I had heard, a year or two ago, from a contact at Tahoe National Forest (TNF) who has been involved in land acquisition efforts over recent years in the North Fork, that this parcel had been the subject of inquiries by the (new?) owner, who wished to bulldoze a road down to East Knoll, from Iron Point. My TNF friend didn't seem to think there was much prospect of the road ever being built.
Now that I have seen the camp, the garbage, the "No Trespassing" signs, I wonder. After all, like the BLM, TNF is essentially required by law to grant access across its (our) lands to private property.
So, it seems progress is afoot at East Knoll. There is a parcel there, so it is time to ruin some more of our heritage. A few short years ago, TNF made a rather weak effort to purchase the private parcels in Green Valley. A fund of money (well over $100,000, as I recall), left over from other land acquisitions, allowed TNF to make the attempt.

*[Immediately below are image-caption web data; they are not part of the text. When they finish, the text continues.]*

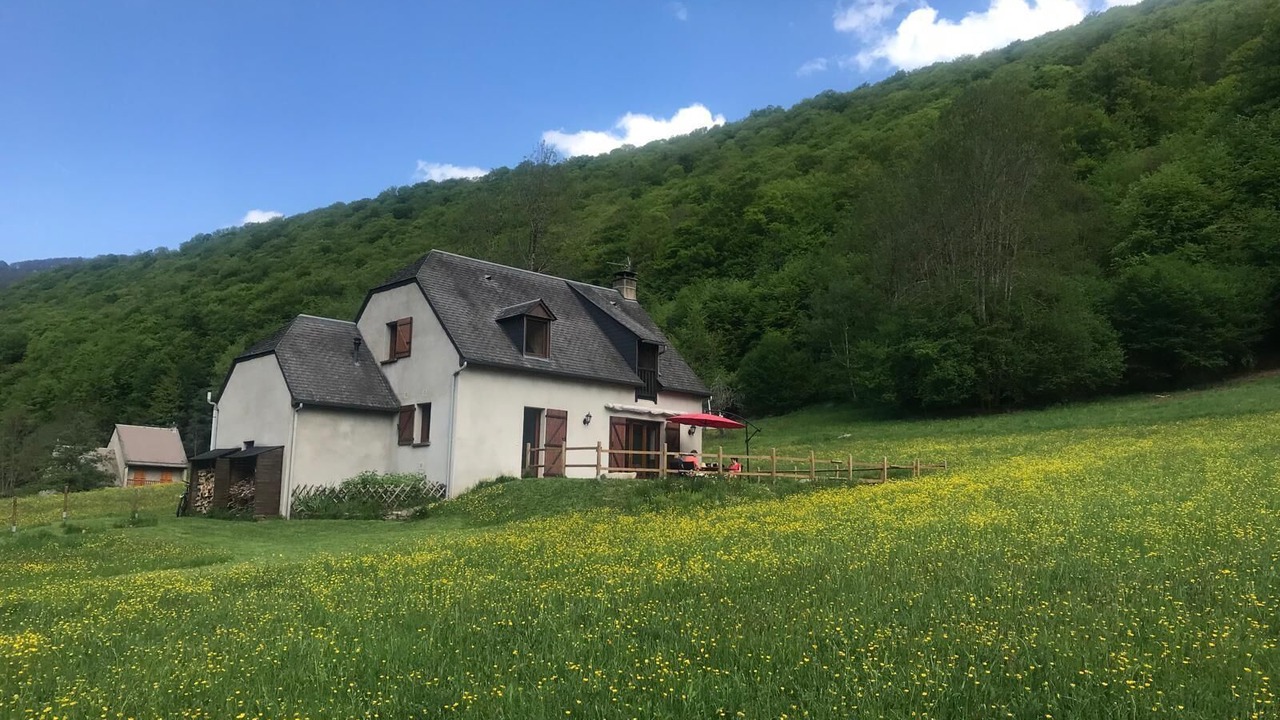 Photo of Outdoor in Campan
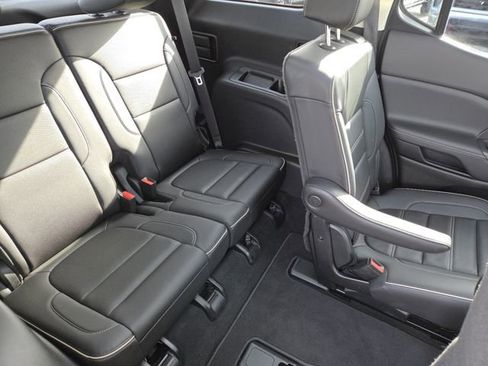 Used 2023 GMC Acadia Denali image 29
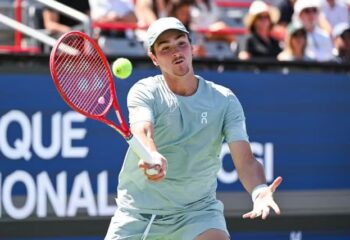 joao fonseca bate grego ex top 3 em sets diretos e vai a 3a rodada do masters 1000 de montreal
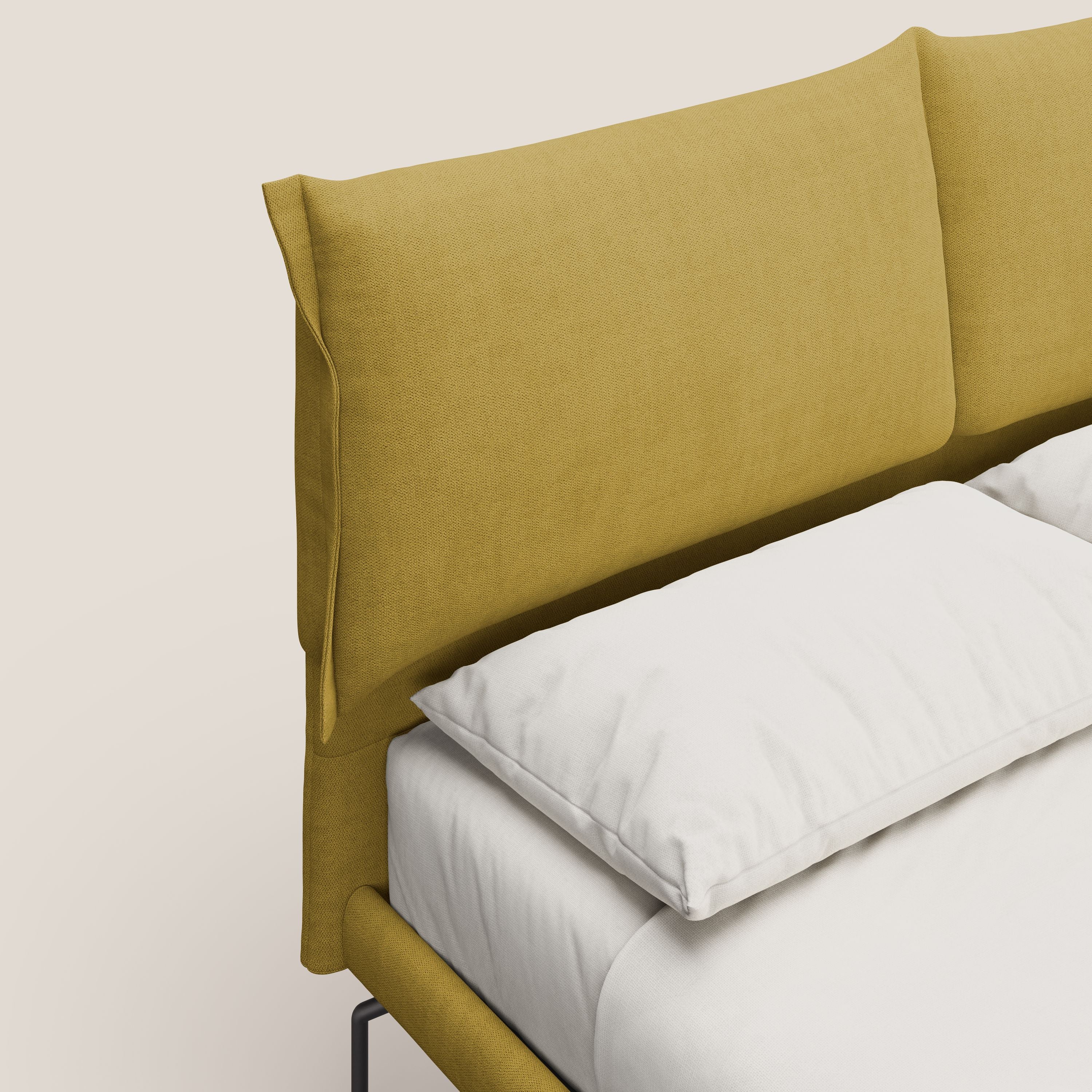 Bice letto imbottito con cuscini e piedi alti in metallo in tessuto impermeabile T02 giallo - divani.store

However, not one parcel was acquired.
Catherine and I climbed to the summit of East Knoll, and enjoyed some really spectacular views over Green Valley into Giant Gap. I found a tree which hid the vulture-houses well enough, at one overlook spot, and kept my eyes averted elsewhere. Then we dropped into Green Valley on the sometimes confusing trails (for there are two separate trails from the saddle), and hit the line of the Green Valley Blue Gravel ditch. We turned right and followed the brushy ditch west, most of the way across eastern Green Valley, eventually being forced down onto the High East Trail, itself badly overgrown, which we followed to Joe Steiner's grave, and visited the meadow, with its wonderful Western Azalea bushes just breaking into bloom, fragrant large white flowers in the hundreds, and the hotel site, just above the river. This area is within several private parcels, again, old patented mining claims. From there we followed another trail, past a major garbage dump, back up to the main Green Valley Trail, and slogged on up to Moody Ridge, where we drove back to Iron Point and got Catherine's car.
Despite the vulture-houses on Moody Ridge (and the new vulture-house, directly above Iron Point), we should not give up on Green Valley and Giant Gap and one of the most scenic parts of the North Fork. Everything I have seen over the past thirty years or so in this part of the Sierra suggests that land acquisition, by the BLM and by TNF, is crucial to the future of our canyons and our historic trails.
There are some who seem to think we should be ashamed to ask Congress for more money, so that TNF and the BLM might pursue land acquisitions from willing sellers; that we should reassure Congressman Doolittle and Senators Boxer and Feinstein that the end is near, so far as purchases in the North Fork American goes.
No, no, no!
I say we need a lot more money and a lot more land acquisition. Every last little parcel in the canyon, not to speak of the entire 640-acre sections owned by lumber companies, ought to be purchased, if at all possible.
We are constantly being overtaken by events, to the great and lasting deteriment to one of the most beautiful and wild places in California, the American River Canyon. These purchases could have been made for pennies on the dollar when the North Fork was designated a Wild & Scenic River. Well, that was then. That was 1978. Right now, on what should be an emergency basis, TNF should be trying to get the Rawhide Mine, and the lands at Lost Camp, and the parcels in Green Valley, and the parcels along the canyon rim just east of the top of the Mumford Bar Trail, and the lumber company sections at Sugar Pine Point and Wildcat Point and--but don't even get me started on all that.
Well, I have burdened you all with too many words. The main gist of it is that, of course, the Sky is Falling, and Progress is reaching East Knoll.
And, if you haven't written Doolittle, Boxer, and Feinstein to ask for LWCF funds for the North Fork *and* for the North Fork of the North Fork (Rawhide Mine, Lost Camp, etc.), please do so. Beg a ton of money, and beg for it sooner rather than later.